Price (as reviewed):
around £40 (inc VAT)
When we got the Enermax Pandora in to the office, we have to admit that we weren't expecting much. Priced at just shy of £40, we suspected it would be the cheapest of the cheap, a case that would have all the build quality and features of a dead toad, rotting in the centre of the road. We wouldn't have been surprised if it smelled like a dead toad either.
Imagine our surprise then when we got our hands on it and discovered that it actually had a fair bit to offer and held up quite well to our scrutiny.
Blow us down if it wasn't the little case that could.
Out of the box, into the fire
Any PC user will be able to affirm the fact that sometimes it's the simplest things that are the hardest to do. One thing we've always found deceptively difficult is the struggle to get a PC case out of a box. Each bit-tech
writer has his own method of doing it.
Personally, I've always leant towards just trying to rip holes in the cardboard and grip the sides of the slippery, plastic bag covered, metal case with my fingertips whilst also holding the box flat on the ground with my feet and hoisting the case straight up and out of the box.
One big pull and a hernia operation later, I've usually got the case on my desk and am in fit enough condition to start the review.
Thankfully, lifting the Pandora out of the box proved to be easy as the chassis is both light and relatively small. It was so light in fact that even we muscularly under-developed office dwellers were able to heft it up one handed and give some exercise to our guns.
Taking a tour of the exterior we had a mixture of complex reactions. On the positive side, the case is kept simple enough that it may invite modders to whip out their Dremels and airbrushes and have a go at sprucing it up. The all black surface is punctuated only by two palm sized grilles on the removable left panel and the simple silver details set in to the front of the case.

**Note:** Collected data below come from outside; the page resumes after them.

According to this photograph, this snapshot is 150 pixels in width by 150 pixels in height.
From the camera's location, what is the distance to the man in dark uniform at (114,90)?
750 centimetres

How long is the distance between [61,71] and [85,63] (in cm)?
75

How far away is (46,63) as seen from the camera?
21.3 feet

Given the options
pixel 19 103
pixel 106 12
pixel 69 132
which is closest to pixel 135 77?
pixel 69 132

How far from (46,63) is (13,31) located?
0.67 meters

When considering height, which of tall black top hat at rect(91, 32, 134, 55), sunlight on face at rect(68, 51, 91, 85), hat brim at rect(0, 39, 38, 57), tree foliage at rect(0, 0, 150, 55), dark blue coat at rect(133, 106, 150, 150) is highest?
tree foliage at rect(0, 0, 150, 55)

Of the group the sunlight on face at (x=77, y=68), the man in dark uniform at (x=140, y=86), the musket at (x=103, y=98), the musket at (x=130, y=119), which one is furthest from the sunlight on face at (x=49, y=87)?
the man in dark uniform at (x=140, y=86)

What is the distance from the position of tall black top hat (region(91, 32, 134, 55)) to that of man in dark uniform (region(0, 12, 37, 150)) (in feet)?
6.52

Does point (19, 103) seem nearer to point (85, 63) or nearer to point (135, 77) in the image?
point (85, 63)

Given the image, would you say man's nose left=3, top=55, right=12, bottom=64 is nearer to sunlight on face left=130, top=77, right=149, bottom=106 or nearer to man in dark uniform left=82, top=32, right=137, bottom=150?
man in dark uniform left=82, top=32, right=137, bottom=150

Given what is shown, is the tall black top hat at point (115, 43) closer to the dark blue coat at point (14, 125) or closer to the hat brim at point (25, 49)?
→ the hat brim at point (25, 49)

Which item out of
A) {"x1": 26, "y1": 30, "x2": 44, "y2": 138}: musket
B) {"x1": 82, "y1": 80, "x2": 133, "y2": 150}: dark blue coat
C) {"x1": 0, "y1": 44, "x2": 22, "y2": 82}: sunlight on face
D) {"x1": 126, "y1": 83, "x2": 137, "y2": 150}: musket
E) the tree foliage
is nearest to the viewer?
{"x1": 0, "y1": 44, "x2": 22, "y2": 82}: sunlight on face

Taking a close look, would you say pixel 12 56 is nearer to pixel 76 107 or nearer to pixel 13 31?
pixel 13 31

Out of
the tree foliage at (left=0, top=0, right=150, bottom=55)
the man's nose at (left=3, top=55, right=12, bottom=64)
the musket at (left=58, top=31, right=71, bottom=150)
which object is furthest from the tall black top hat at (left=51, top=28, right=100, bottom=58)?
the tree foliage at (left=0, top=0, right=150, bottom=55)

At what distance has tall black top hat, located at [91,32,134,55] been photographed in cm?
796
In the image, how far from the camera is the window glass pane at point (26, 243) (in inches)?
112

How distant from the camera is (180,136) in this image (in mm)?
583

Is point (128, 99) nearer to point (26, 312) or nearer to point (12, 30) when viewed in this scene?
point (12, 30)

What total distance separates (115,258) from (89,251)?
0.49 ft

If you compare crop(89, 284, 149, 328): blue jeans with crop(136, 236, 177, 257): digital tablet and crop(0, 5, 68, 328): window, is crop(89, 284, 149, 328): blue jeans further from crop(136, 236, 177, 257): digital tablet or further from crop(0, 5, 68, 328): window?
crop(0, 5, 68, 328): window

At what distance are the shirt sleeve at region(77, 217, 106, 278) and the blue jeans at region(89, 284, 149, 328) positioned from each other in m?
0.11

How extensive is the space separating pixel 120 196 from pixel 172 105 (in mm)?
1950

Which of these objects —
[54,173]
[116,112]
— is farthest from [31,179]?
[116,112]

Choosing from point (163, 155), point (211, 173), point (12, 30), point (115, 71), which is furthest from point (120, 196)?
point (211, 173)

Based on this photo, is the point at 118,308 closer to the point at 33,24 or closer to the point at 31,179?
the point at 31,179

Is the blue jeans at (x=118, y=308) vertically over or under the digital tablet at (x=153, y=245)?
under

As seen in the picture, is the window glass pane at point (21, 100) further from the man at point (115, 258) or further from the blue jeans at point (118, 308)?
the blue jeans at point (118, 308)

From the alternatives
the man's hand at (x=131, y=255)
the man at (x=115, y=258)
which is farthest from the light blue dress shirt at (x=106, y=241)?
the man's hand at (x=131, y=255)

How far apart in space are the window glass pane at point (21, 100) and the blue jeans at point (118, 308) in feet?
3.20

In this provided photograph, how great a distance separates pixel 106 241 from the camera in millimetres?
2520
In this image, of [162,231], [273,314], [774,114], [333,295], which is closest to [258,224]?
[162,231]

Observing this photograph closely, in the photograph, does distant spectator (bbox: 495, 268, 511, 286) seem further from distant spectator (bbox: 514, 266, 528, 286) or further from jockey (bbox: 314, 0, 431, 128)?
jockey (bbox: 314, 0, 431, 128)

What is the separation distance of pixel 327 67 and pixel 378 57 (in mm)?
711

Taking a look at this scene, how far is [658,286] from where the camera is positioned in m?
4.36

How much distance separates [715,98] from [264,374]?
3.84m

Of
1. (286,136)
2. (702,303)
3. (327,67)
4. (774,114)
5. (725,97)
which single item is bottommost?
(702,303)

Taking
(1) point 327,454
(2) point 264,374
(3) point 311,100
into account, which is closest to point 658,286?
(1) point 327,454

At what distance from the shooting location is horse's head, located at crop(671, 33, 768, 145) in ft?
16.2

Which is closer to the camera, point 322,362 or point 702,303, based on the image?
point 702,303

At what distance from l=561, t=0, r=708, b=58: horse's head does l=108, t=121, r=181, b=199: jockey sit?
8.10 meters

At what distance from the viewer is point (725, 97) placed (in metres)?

The front of the case is kept very simple, with two USB ports, a headphone and microphone port and the on/off button all centrally located in a line across the front panel. There's a silver grille below these that sports an Enermax logo. This grille covers a fan, which in turn sits in front of the hard disk cage. The drive covers are spring-loaded too so that pressing a hidden button on the front of the case will open the optical drive beneath, forcing the cover to open as it does so. The springs then close the drive cover as the drive itself closes – simple but effective.
Some modders will already be thinking how this case sounds ideal for their projects, and they'd be right. Simple and undecorated, the sides of the case aren't decked out with branding and stickers and even the tiny sticker on the front grille can be quickly removed with a penknife, if one was so inclined.